TASK OBJECTIVE → Repeat each record below exactly, omitting whatever pictures appear in it.

RECORDS SHOWN →
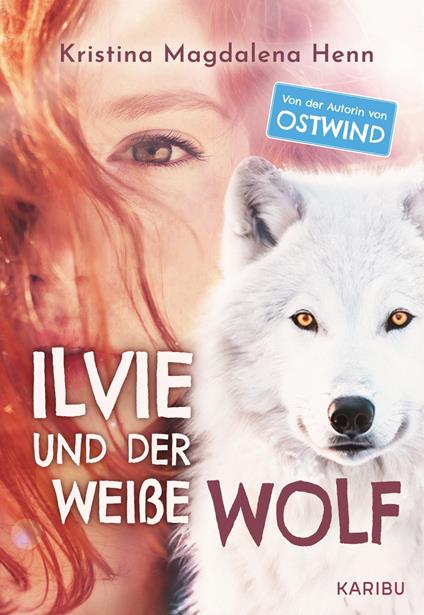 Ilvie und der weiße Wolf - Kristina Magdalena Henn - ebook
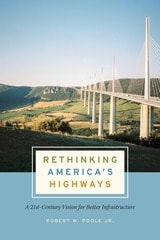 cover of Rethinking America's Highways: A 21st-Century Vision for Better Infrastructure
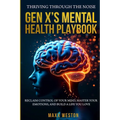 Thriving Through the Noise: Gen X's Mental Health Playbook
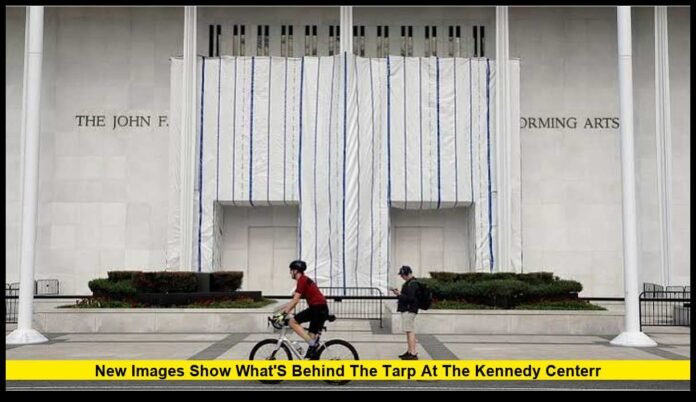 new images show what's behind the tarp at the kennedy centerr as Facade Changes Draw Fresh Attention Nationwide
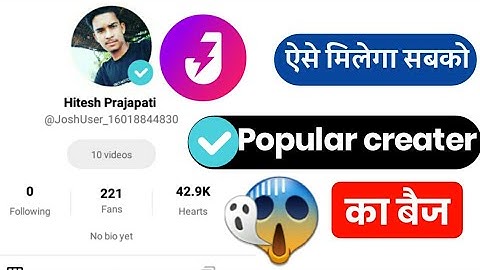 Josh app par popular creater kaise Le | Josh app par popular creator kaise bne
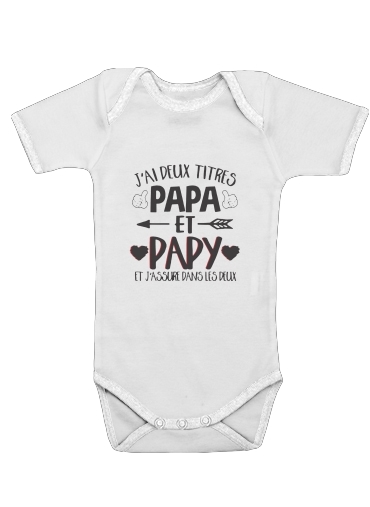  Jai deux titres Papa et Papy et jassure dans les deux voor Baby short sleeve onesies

RESULT →
 Ilvie und der weiße Wolf - Kristina Magdalena Henn - ebook
 cover of Rethinking America's Highways: A 21st-Century Vision for Better Infrastructure
 Thriving Through the Noise: Gen X's Mental Health Playbook
 new images show what's behind the tarp at the kennedy centerr as Facade Changes Draw Fresh Attention Nationwide
 Josh app par popular creater kaise Le | Josh app par popular creator kaise bne
  Jai deux titres Papa et Papy et jassure dans les deux voor Baby short sleeve onesies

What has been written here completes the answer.